- SOURCE DATA:
########################################

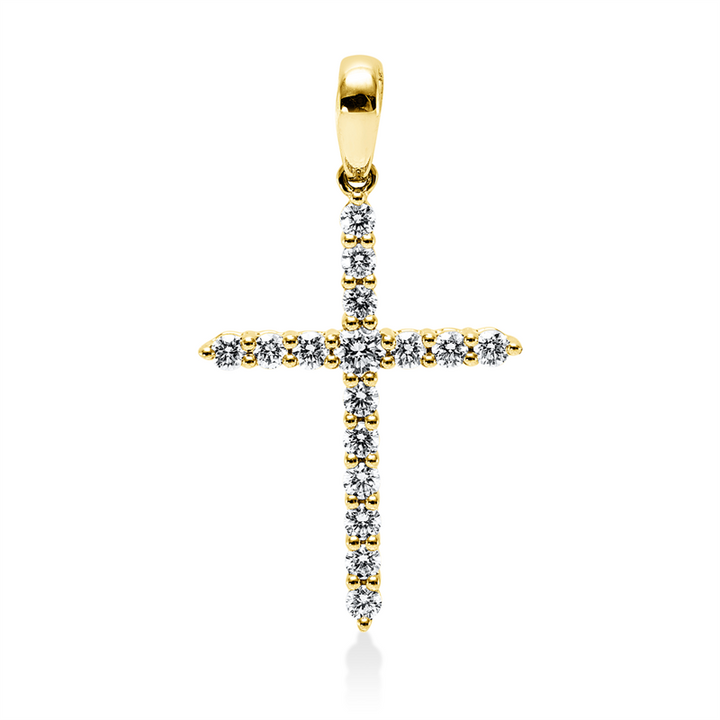 Kreuz Anhänger Gelbgold 18kt Ref-3J329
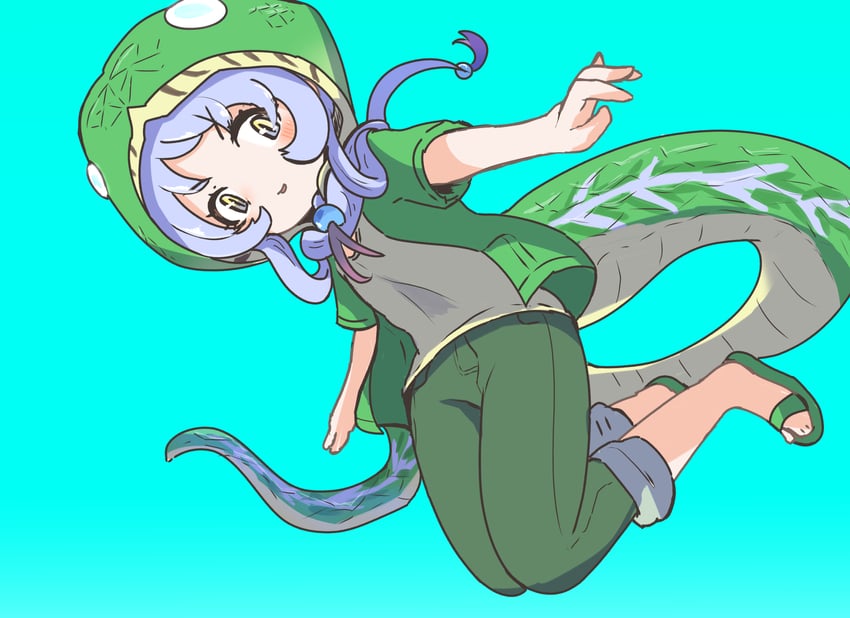 emerald tree boa (kemono friends) drawn by toro_orororo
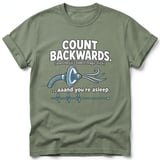Count Backwards Anesthesia Tee thumbnail 2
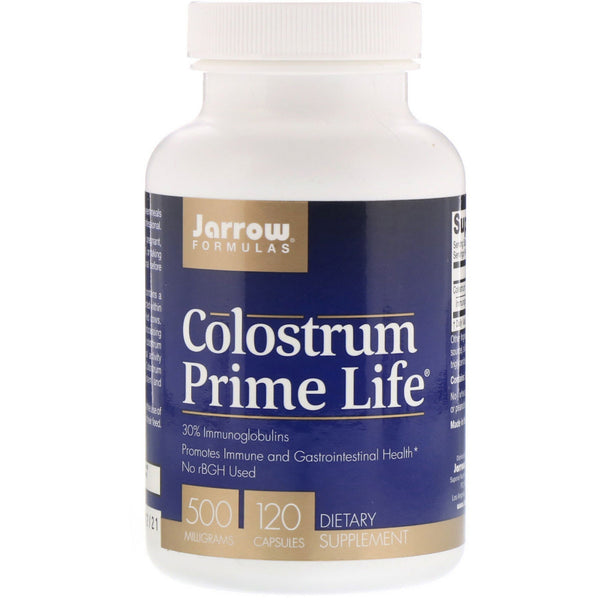 Jarrow Formulas, Colostrum Prime Life, 500 mg, 120 Capsules - The Supplement Shop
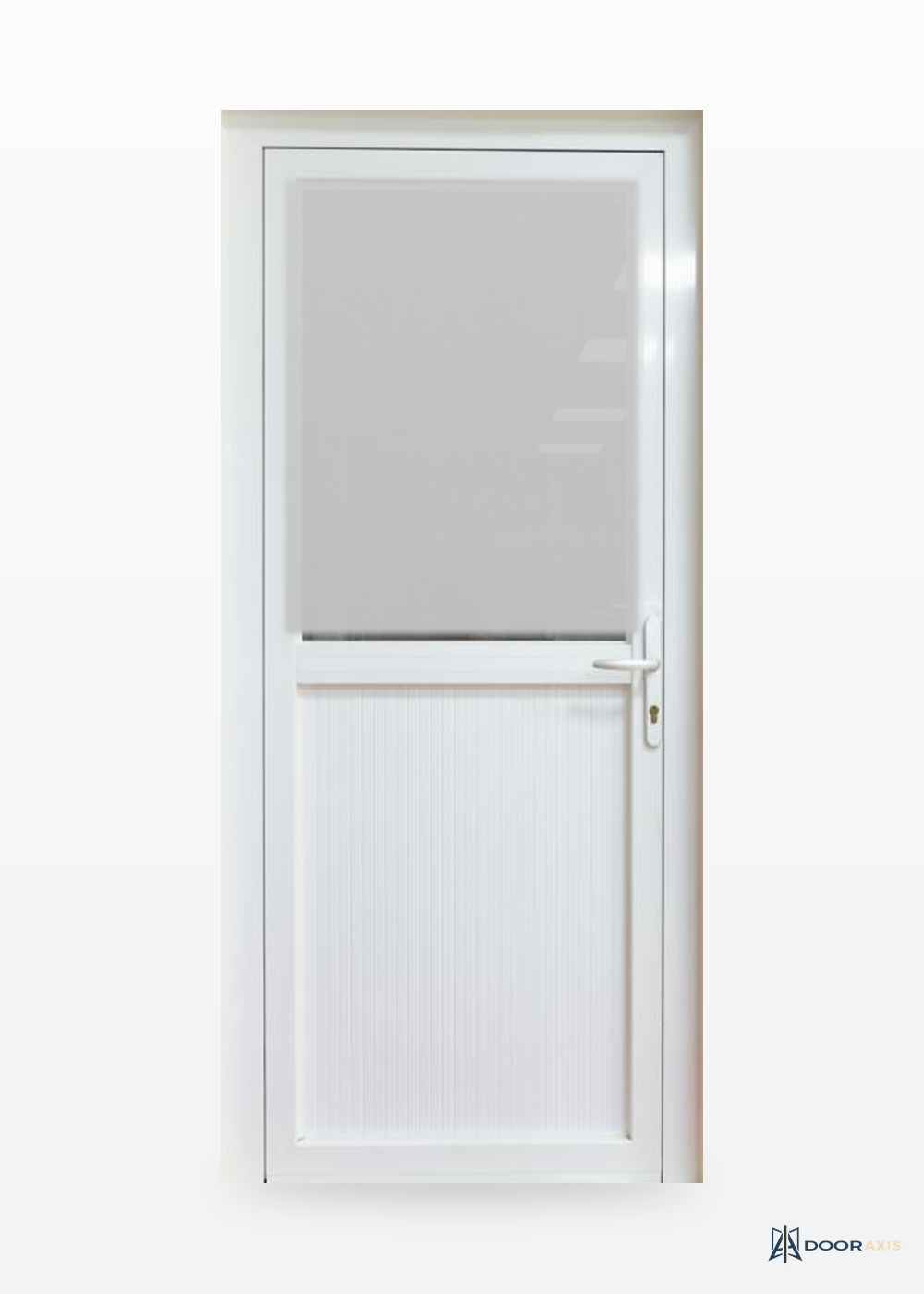Door Axis 40 Series Aluminum Glass Swing Entry Door, European Profile - angle view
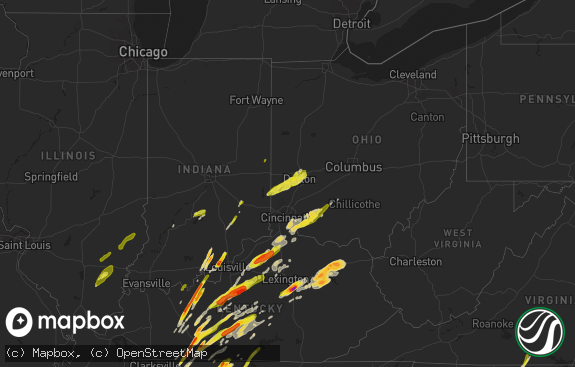 Hail map preview on 04-05-2017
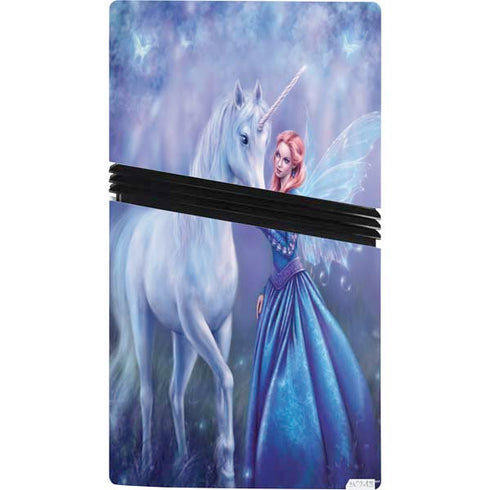 Rhiannon Fairy and Unicorn by Rachel Anderson PS5 Pro Console Skin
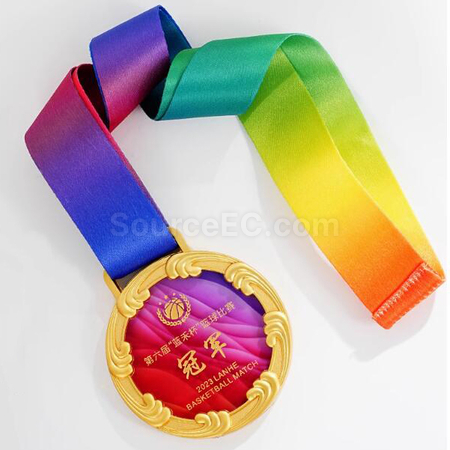 Customization Wave Metal Medal Promotional Products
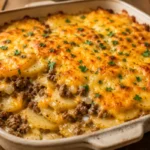 Cheesy Hobo Casserole with Ground Beef for Easy Dinners Cheesy Hobo Casserole With Ground Beef Layered With Tender Potatoes And Melted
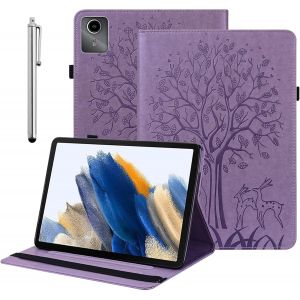 &Eacute;tui pour Lenovo Tab M11 (TB330FU/TB330XU) 11"" 2024 avec Stylet et Porte-Stylo, Fente pour Carte, Fonction Support, &eacute;tui de Protection Tendance pour Tablette Lenovo Tab M11, Violet - Neuf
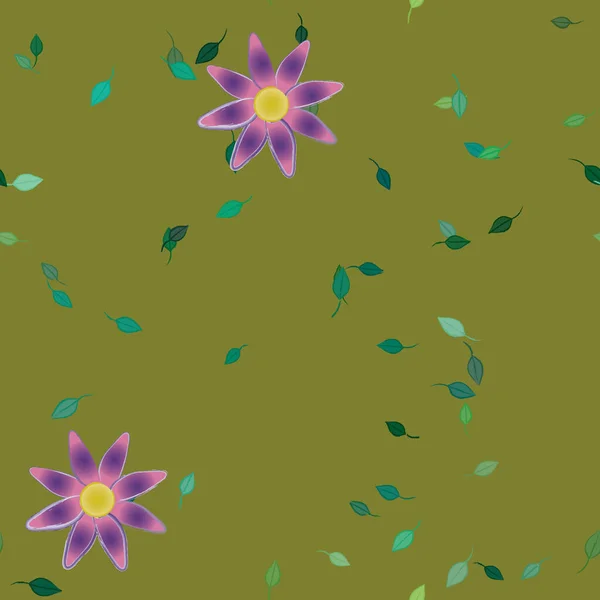 Beau Fond Botanique Illustration Vectorielle Fleurs — Image vectorielle
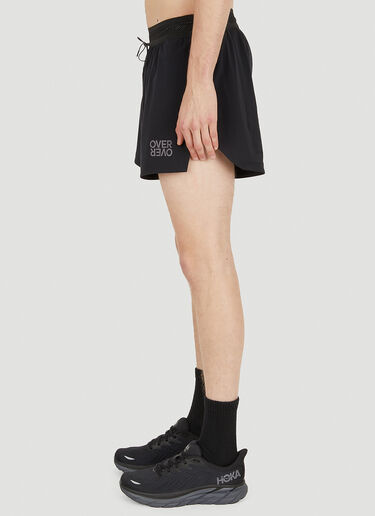 OVER OVER Logo Print Track Shorts Black ovr0150016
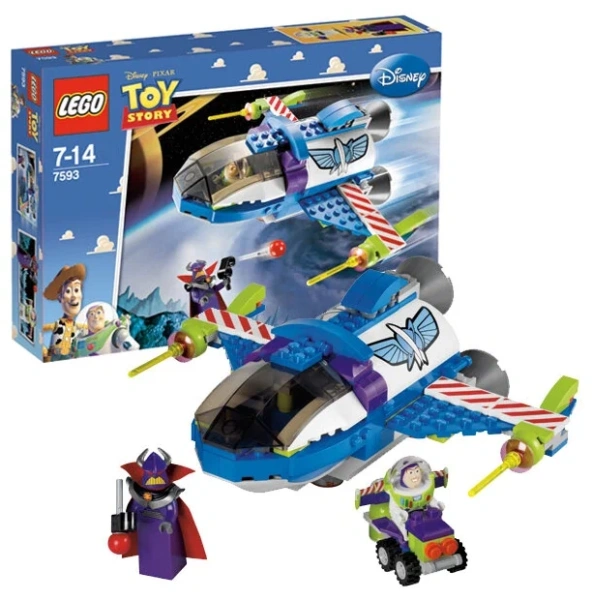 Конструктор LEGO Toy Story 7593 Buzz's Star командный корабль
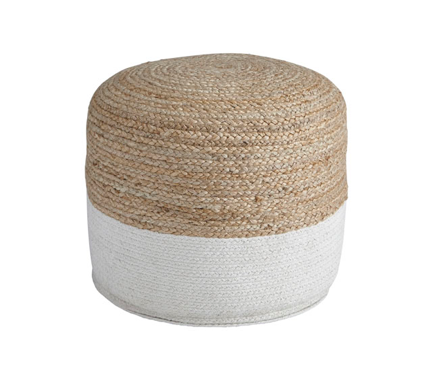 Jute Block Pouf - The Everset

########################################

- EXERCISE DESCRIPTION: When you reach the line with "Customization Wave Metal" in the records above, start writing out each line exactly, and stop after the line with "Violet - Neuf". Pictures stay out.

- EXERCISE OUTPUT:
 Customization Wave Metal Medal Promotional Products
 Cheesy Hobo Casserole with Ground Beef for Easy Dinners Cheesy Hobo Casserole With Ground Beef Layered With Tender Potatoes And Melted
 &Eacute;tui pour Lenovo Tab M11 (TB330FU/TB330XU) 11"" 2024 avec Stylet et Porte-Stylo, Fente pour Carte, Fonction Support, &eacute;tui de Protection Tendance pour Tablette Lenovo Tab M11, Violet - Neuf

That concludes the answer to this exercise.